Neil Nie
MSCS @ Stanford 2025.
B.S. Columbia University, 2023
Contact: [neilnie] at stanford.edu
Thanks for stopping by. I’m Neil, a first-year master’s student studying computer science at Stanford. I received my B.S. in computer science (minor in applied math) from Columbia University, School of Engineering. My background and interests are in computer vision, robotics, algorithms, and software engineering.
News & Updates:
2023
Returned to Apple as an algorithms scientist intern on the HID (human interface devices) team, working on the Apple Vision Pro.
2022
Returned to Apple as a software engineering & algorithms intern on the CoreMotion fitness team.
20212023
Researcher at Columbia Artificial Intelligence & Robotics Lab, advised by Prof. Shuran Song, working on articulated object manipulation, computer vision, & embodied AI. First-author publication: https://arxiv.org/abs/2207.08997
20212023
Teaching assistant for Computational Aspects of Robotics (COMS 4733) since spring 2021. Head teaching assistant for Artificial Intelligence (COMS 4701), and Discrete Math.
2021
Returned to Apple as a software & algorithms intern on the CoreMotion fitness team. Invented a new multi-sensing fitness tracking algorithm.
20192021
Served as President and Software Engineering Lead for the Columbia University Robotics Club, leading the MATE ROV project and the autonomous vehicles project.
2020
Worked at Apple as a software engineer & algorithms intern on the CoreMotion team. Invented a new multi-sensing algorithm (patent: ).
2019
TEDxDeerfield Executive Committee member and TEDx speaker.
Selected Projects
Structure From Action: Learning Interactions for Articulated Object 3D Structure Discovery
Neil Nie, Samir Yitzhak Gadre, Kiana Ehsani, Shuran Song
We introduce Structure from Action (SfA), a framework to discover 3D part geometry and joint parameters of unseen articulated objects via a sequence of inferred interactions. (Appearing in IROS 2023)
Self-Driving Golf Cart
From 2017-2019, I have been developing a self-driving golf cart. From the drive-by-wire system to the autonomous navigation stack, every component was developed from the ground up to learn as much as possible about robotics, electrical engineering, software engineering, and machine learning. I also developed, trained, and deployed deep neural networks for behavioral cloning and semantic segmentation.

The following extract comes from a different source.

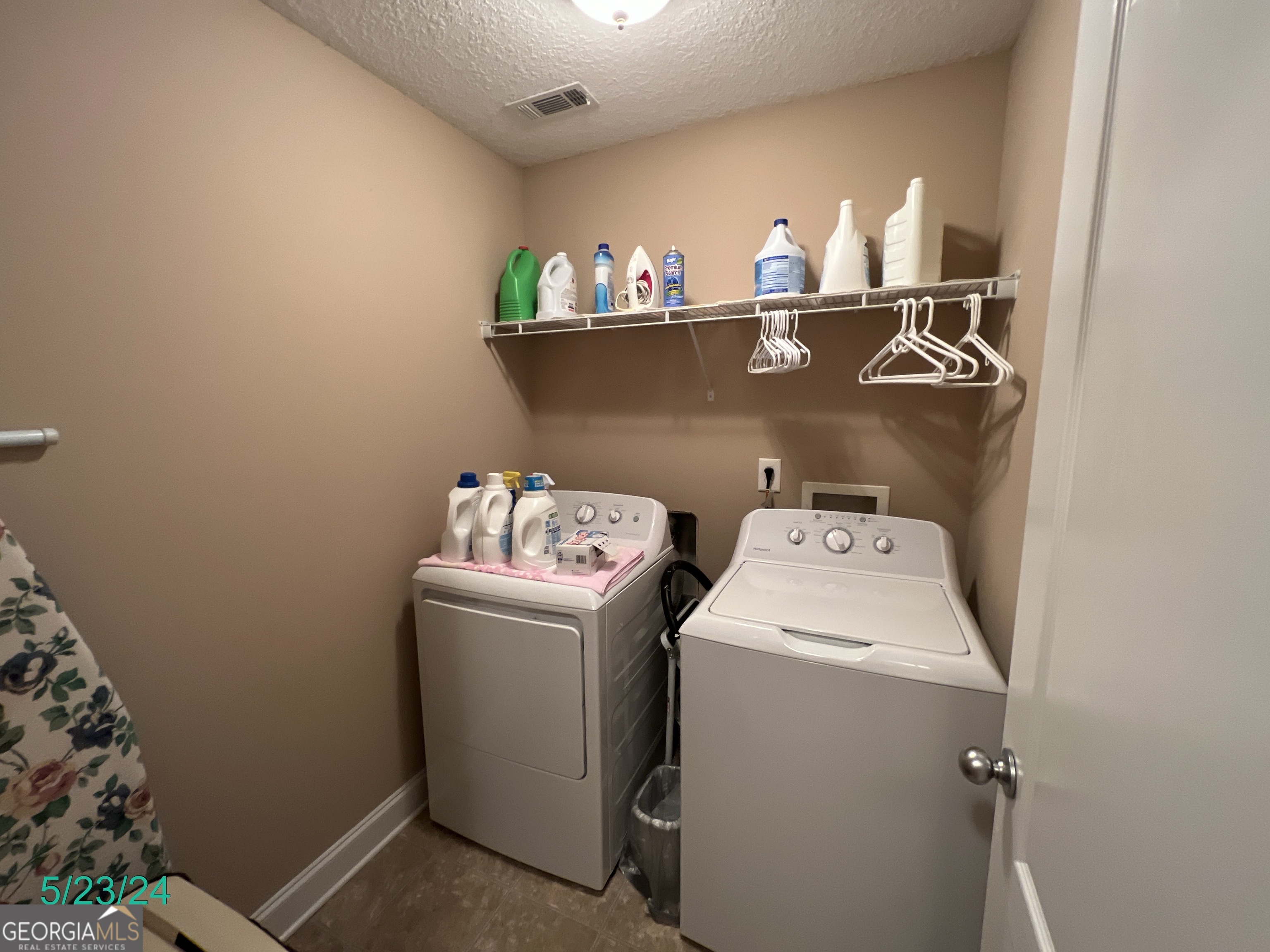 376 Embassy Drive Property Photo 41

Robotic Arm Gripping System
The project focused on using deep learning, semantic segmentation, ICP, and RRT algorithms to build a complete robotic arm gripping system. The arm uses image segmentation to detect the objects in the bins, uses ICP for pose estimation, and plans paths around obstacles using RRT. (credit: COMS4733 @columbia. not open-sourced)
Quadcopter
I built a quadcopter and programmed a flight controller from the ground up. The biggest challenge was programming a PID controller for the Arduino with an IMU. Eventually, it was able to fly around and self-balance in the air.
Talks & Presentations
In the spring of 2017, I gave a TEDx talk about Artificial Intelligence at TEDxDeerfield, which now has over half a million views on YouTube. You can find my talk here. I also served as an executive board member and event coordinator for TEDxDeerfield from 2017-2019.